Em fevereiro passado, a Guiné Equatorial, por intermédio do seu vice primeiro-ministro que tutela a pasta dos Direitos Humanos, Alfonso Nsue Mokuy, assegurou às Nações Unidas, em Genebra, que o novo Código Penal, a ser aprovado pelo Parlamento, põe fim à pena de morte. No entanto, de acordo com juristas equato-guineenses, as mudanças prometidas não garantem a abolição. Por isso, pedem mudanças legislativas mais amplas.
A DW África pediu uma reação ao Secretário Executivo da CPLP, Francisco Rebelo Telles, mas este não quis comentar o assunto; à luz da moratória imposta pela organização para o cumprimento desta condicionante de adesão.Através do seu gabinete, o embaixador em Lisboa, Eurico Monteiro, que tem falado em nome da Presidência cabo-verdiana da CPLP, manifestou indisponibilidade para se pronunciar por motivos de agenda.

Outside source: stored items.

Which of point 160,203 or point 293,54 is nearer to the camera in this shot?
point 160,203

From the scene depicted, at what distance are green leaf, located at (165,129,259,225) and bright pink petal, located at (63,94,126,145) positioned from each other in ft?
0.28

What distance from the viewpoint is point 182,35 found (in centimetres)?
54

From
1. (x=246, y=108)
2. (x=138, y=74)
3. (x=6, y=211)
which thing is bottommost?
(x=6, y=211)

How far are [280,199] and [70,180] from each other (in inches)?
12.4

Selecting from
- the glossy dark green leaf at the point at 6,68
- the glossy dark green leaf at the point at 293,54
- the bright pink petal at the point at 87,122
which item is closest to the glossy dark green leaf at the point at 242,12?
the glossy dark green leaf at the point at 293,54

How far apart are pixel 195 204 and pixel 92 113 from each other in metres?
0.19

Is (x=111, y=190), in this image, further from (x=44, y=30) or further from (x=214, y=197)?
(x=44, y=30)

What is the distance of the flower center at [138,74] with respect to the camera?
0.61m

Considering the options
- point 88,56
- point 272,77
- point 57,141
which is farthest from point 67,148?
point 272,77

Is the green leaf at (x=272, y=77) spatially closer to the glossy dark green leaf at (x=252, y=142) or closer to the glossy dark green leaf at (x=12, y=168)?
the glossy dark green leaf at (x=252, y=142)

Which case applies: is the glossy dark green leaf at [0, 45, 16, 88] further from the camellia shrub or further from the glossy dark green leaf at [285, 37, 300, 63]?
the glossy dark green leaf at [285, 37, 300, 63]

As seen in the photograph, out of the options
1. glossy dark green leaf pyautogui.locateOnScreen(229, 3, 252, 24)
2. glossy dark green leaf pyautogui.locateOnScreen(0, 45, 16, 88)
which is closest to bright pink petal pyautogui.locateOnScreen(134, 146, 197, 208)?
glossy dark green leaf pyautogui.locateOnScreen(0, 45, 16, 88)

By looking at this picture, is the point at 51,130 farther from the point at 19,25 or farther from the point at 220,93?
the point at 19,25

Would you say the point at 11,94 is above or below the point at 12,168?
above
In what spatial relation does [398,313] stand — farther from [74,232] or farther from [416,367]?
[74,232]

Por seu lado, o jornalista Hélder Gomes afirma que "a relação entre a Guiné Equatorial e a CPLP é semelhante à relação entre um parasita e o seu hospedeiro." A entrada do país de Obiang trouxe, por um lado, vantagens competitivas para a elite da Guiné Equatorial e, por outro, danos reputacionais graves para a CPLP. Considera que…
"Pelo caminho, a CPLP mostrou-se incapaz de fazer cumprir o roteiro para a adesão e deu passos largos em direção à sua irrelevância. Também perdeu uma autoridade central, se é que alguma vez a CPLP esteve em condições de a reclamar", considera.

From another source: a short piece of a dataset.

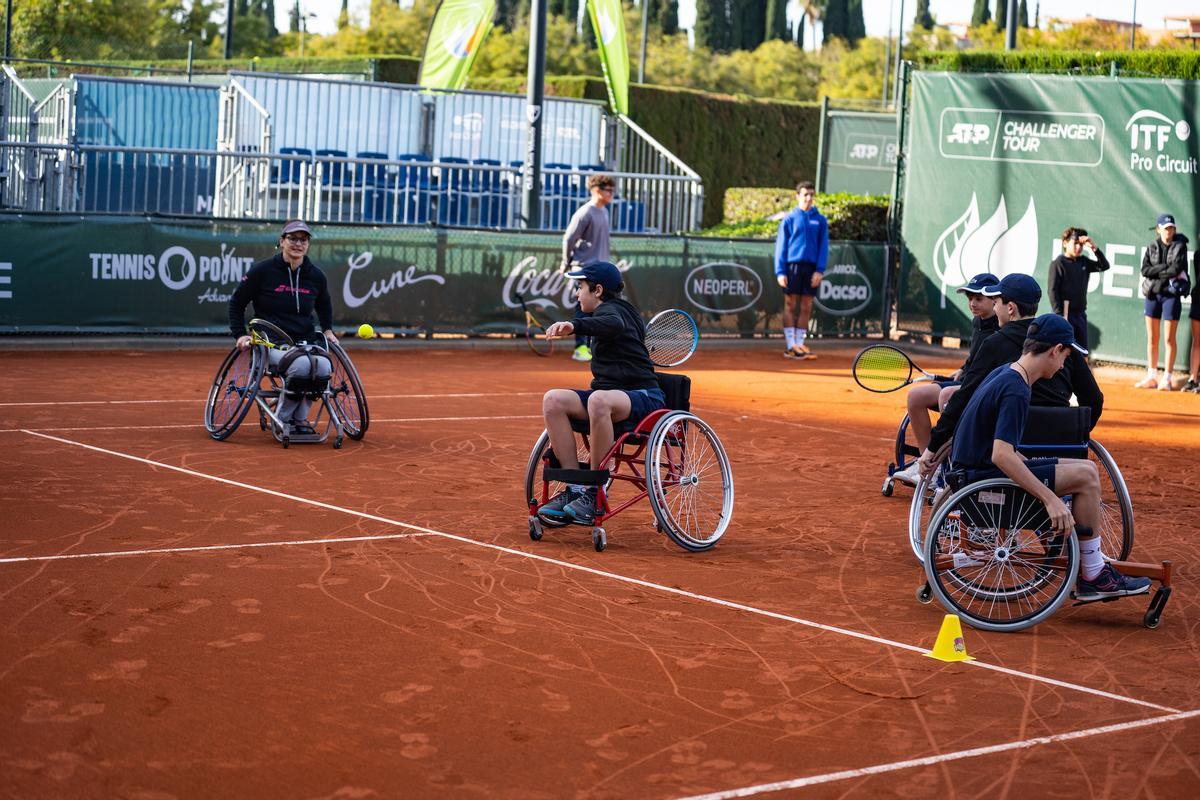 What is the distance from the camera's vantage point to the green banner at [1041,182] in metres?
18.2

"Obiang brinca porque sabe que pode brincar"
Para o analista, doutorando
"Em março do ano passado, há um ano, o Presidente Teodoro Obiang assegurou que a abolição da pena de morte estava pronta para seguir para o Parlamento onde aparentemente ainda se encontra. A garantia foi dada após uma reunião com o SE da CPLP, Francisco Rebelo Telles. Na altura, Ribeiro Telles chegou a considerar plausível o anúncio da abolição na cimeira de Luanda, em setembro, o que não aconteceu. Obiang brinca porque sabe que pode brincar", diz.

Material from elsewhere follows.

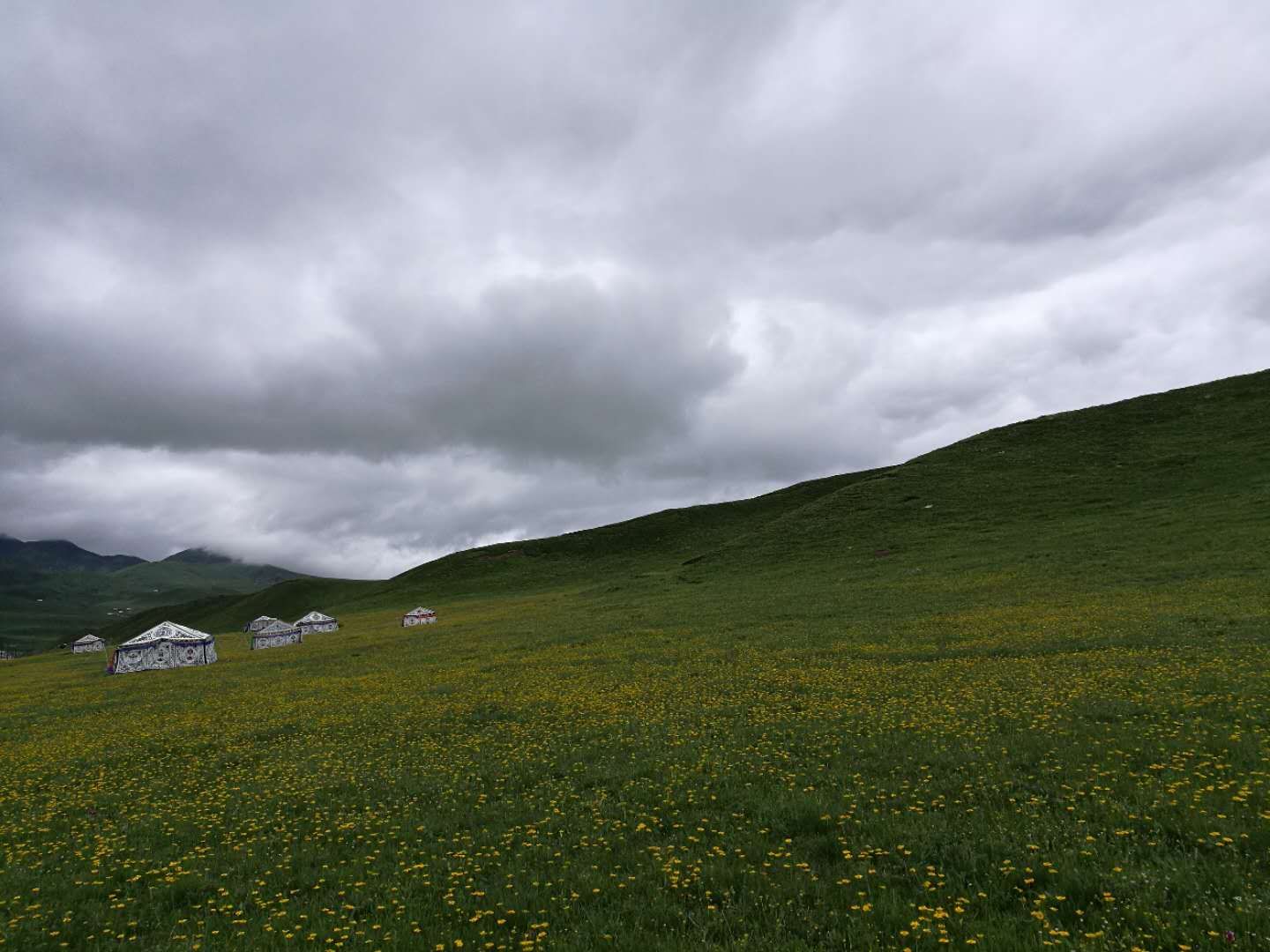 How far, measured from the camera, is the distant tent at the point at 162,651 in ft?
223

Hélder Gomes insiste que a CPLP beneficiaria muito mais se se inspirasse nos modelos da Commonwealth ou da Francofonia e previsse nos seus estatutos a suspensão e/ou expulsão dos Estados membros incumpridores. Com o número crescente de observadores e candidatos a membros da CPLP, receia que alguns deles façam, num futuro próximo, o mesmo caminho da Guiné Equatorial rumo à adesão.
Não é certo se esta matéria faz parte da agenda do Conselho de Ministros da CPLP, que se realiza esta sexta-feira (26.03) sob a presidência de Cabo Verde. Nesta reunião extraordinária, a CPLP deve aprovar o programa de apoio à integração da Guiné Equatorial na organização, estimado em 170 mil euros para 2021.
A organização deve igualmente responder ao pedido de ajuda de emergência solicitado pelo país membro depois das recentes explosões em Bata, que causaram mais de 100 mortos e centenas de feridos. O Fundo das Nações Unidas para a Infância (Unicef) deu conta que cerca de 150 famílias estão deslocadas e alojadas em abrigos temporários, um terço das quais são crianças.
João Carlos (Lisboa) | Deutsche Welle
Ver vídeo em DW: "CPLP não pode sancionar nenhum Estado-membro"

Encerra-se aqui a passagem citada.